Given material:
··········

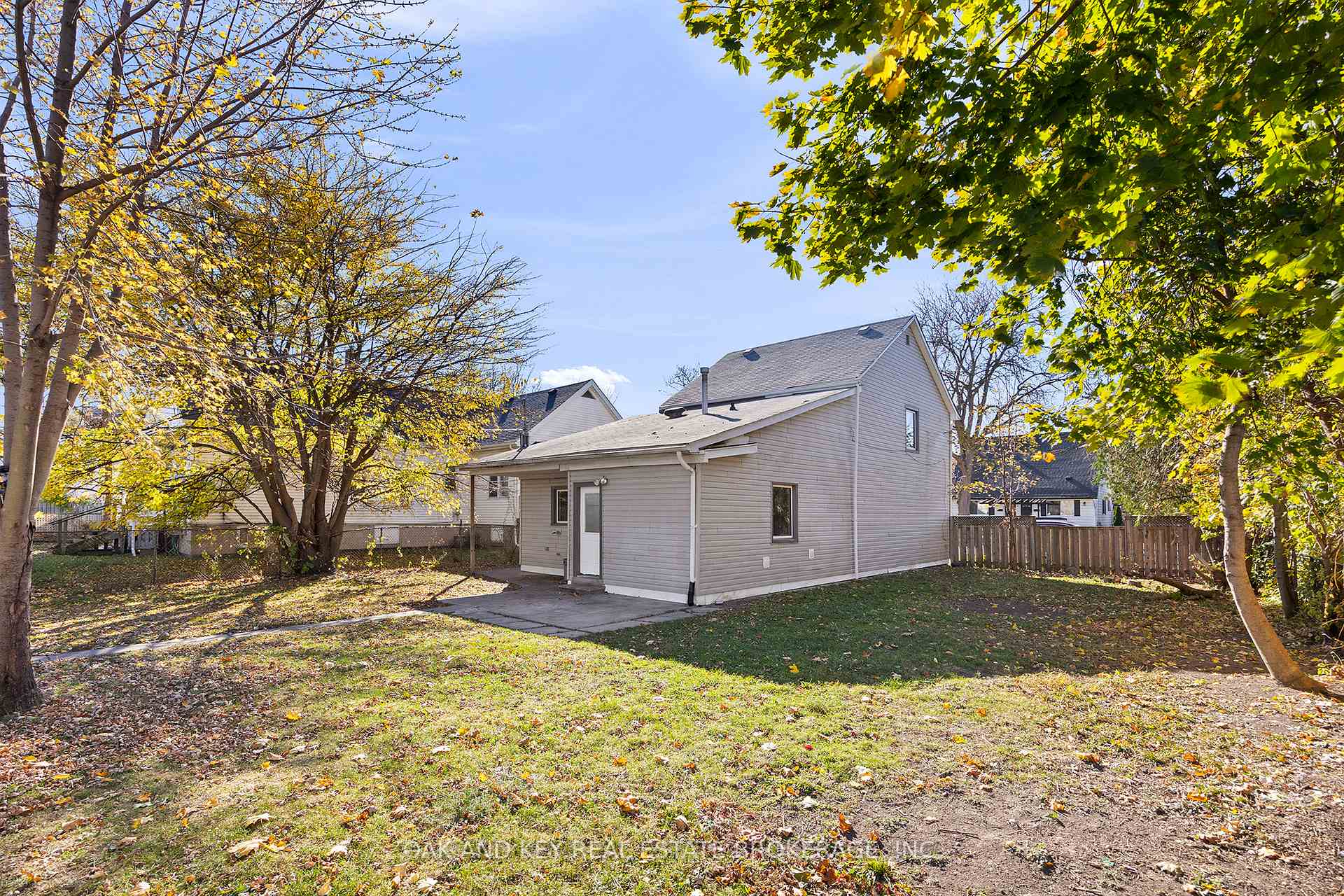Photo 19 of 1246 Monmouth Road, Windsor — HOMEH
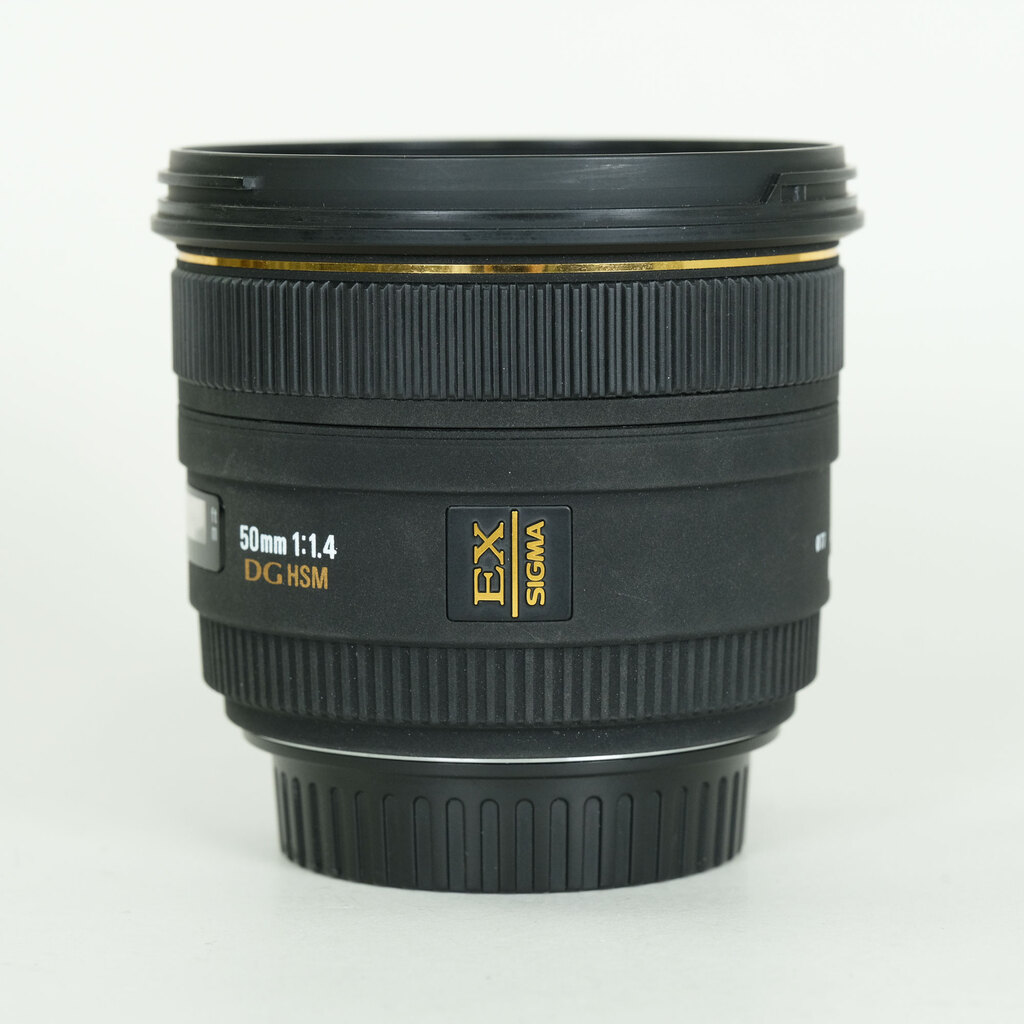 SIGMA 50mm F1.4 EX DG HSM (キヤノンEF用) SIGMA 50mm F1.4 EX DG HSM (キヤノンEF用)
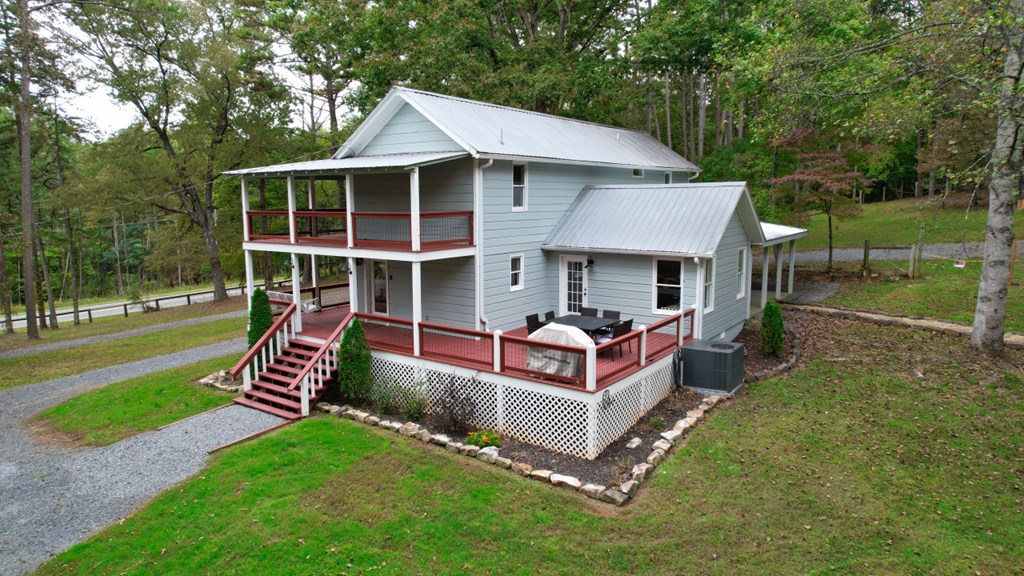 237 Chestnut Gap Road Blue Ridge, GA 30513 - Photo 5 of 60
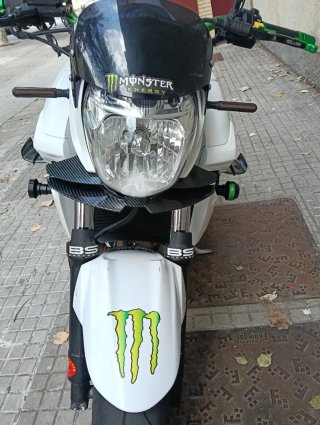 Moto Naked Blanca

··········

Each line from the line containing "SIGMA 50mm F1.4 EX DG HSM (キヤノンEF用) SIGMA" through the last line above must be written out exactly, and every picture must be omitted.

Answer below:
 SIGMA 50mm F1.4 EX DG HSM (キヤノンEF用) SIGMA 50mm F1.4 EX DG HSM (キヤノンEF用)
 237 Chestnut Gap Road Blue Ridge, GA 30513 - Photo 5 of 60
 Moto Naked Blanca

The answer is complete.